El letrado sostuvo su pedido en que la mujer no está imputada, en que la medida es “desproporcionada, injusta e injustificada”, en que los haberes jubilatorios son inembargables por su carácter alimentario, en que se trata de una mujer adulta con una vida productiva activa y que, entre otros fundamentos, la “restricción patrimonial no es congruente con la finalidad” que arguyó el Ministerio Público Fiscal (MPF).

Gonzáles Elías sostuvo que en 2019, cuando Barbagelata dispuso embargos y la inhibición general de bienes, que fue apelada y modificada, la medida “era razonable” porque existía la posibilidad de la existencia de una causa probable contra la mujer. Transcurridos casi siete años de la medida, entendió que el estado de situación respecto de aquella cambió, a tal punto que ni Fiscalía, ni Fiscalía de Estado presentaron cargos ni la demandaron. Añadió que en la actualidad no se configura el argumento “resarcitorio” que alentaba el Ministerio Público Fiscal (MPF) en el inicio de la causa. También destacó que aquel objetivo en facultad de Fiscalía de Estado, que no demandó a Camisassa. En este punto señaló que la voluntad “resarcitoria” estaba representada por Fiscalía y Fiscalía de Estado.

Un embargo complicado

Los embargos y la inhibición que se pidió revisar este jueves tienen un antecedente significativo que puso en tensión a la investigación. Se trata de la misma medida que terminó exhibiendo que la restituida procuradora general adjunta, Cecilia Goyeneche, que en aquella época también tenía el rol de fiscal anticorrupción, había adquiridos dos departamentos en sendos fideicomisos celebrados con uno de los imputados en la causa e integrante del estudio contable Integral Asesoría, al que iba con frecuencia el esposo de la funcionaria, Sebastián Orlando Bertoz, y tuvo a varios de sus integrantes imputados.

¿Distinta vara?

En la audiencia, González Elías argumentó sobre un presunta tratamiento “dispar” respecto de otros imputados y sus parejas, imputadas o no.

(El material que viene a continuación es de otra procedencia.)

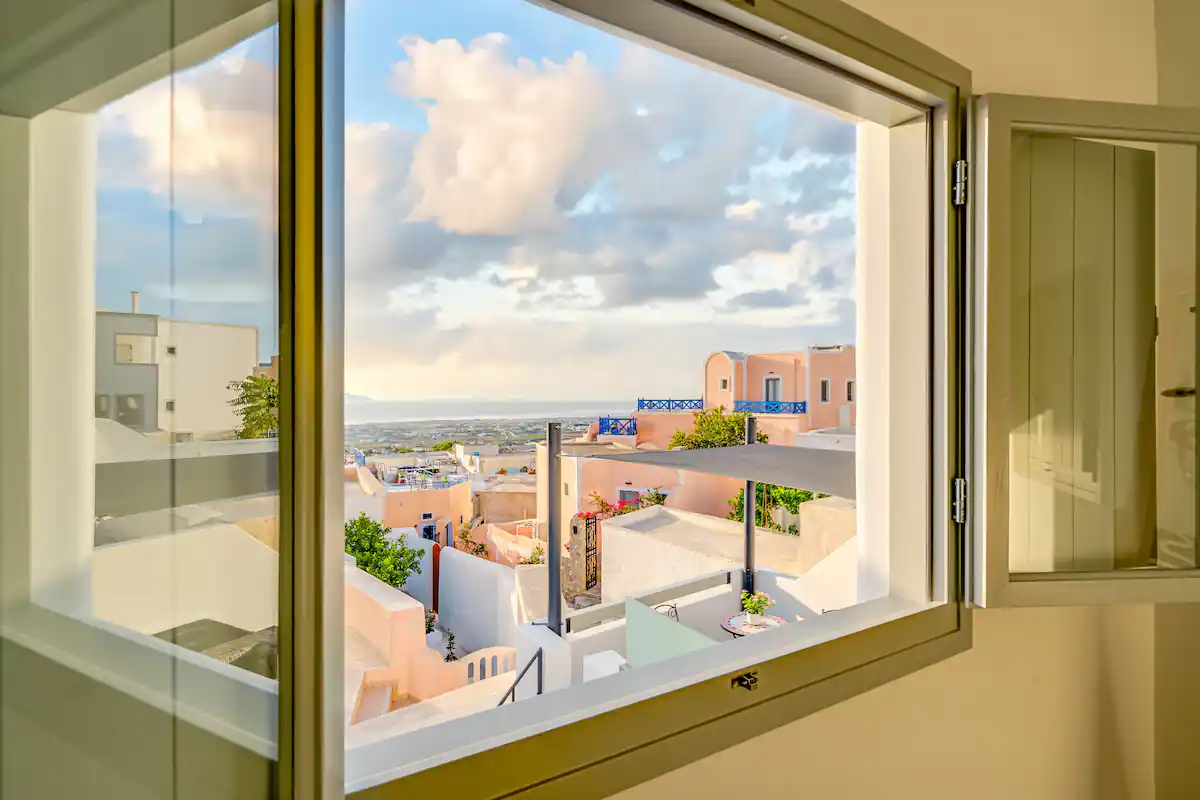Tiara Suites Santorini — Fira, Santorini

Así, enumeró tres grupos para ejemplificar su hipótesis. El primero comprende al imputado el varón en el que la pareja también fue inhibida, mencionando a Juan Pablo Aguilera y Luciana Belén Almada; Alfredo Bilbao y Julia Gabriela Vainstein; Sergio Esteban Cardoso y Sandra Fabiana Marozzini; Alejandro Luis Almada y Micaela Agostina Banegas; y la pareja Breuil y Camisassa, de la que subrayó que el caso acreditaría un “sesgo arbitrario” con características de género.

El que comprende solo al varón imputado e inhibido, donde se encuentran Juan Domingo Orabona y su pareja, Agueda Bou; Pedro Eduardo Opromolla y Patricia Leiva; Roberto Ariel Foure y Analía Ruiz Díaz; Guido Daniel Krapp y Evangelina Simonelli; y

Nicolás Beber y Cecilia Cersofios. Los dos últimos integraban Asesoría Integral.

El tercer grupo comprende a la mujer imputada e inhibida solamente ella: María Jazmín Mena Gioveni y Alberto Suárez; el cuarto incluye a ambos integrantes de la pareja imputados pero inhibida solamente ella: María Victoria Álvarez y Esteban Ángel Alberto Scialocomo; en tanto que el último alcanza a ambos como imputados e inhibidos, con las parejas de Gustavo Hernán Pérez y Verónica Caino; Jorge Pablo Balladares y Viviana Gesell Mena Gioveni; y Hugo Rubén Mena y Flavia Marcela Beckman.

Acompañaron el pedido de González Elías los defensores, Iván Vernengo y Miguel Cullen, que no representan a las esposas o parejas de sus defendidos pero interesaron la revisión de las inhibiciones.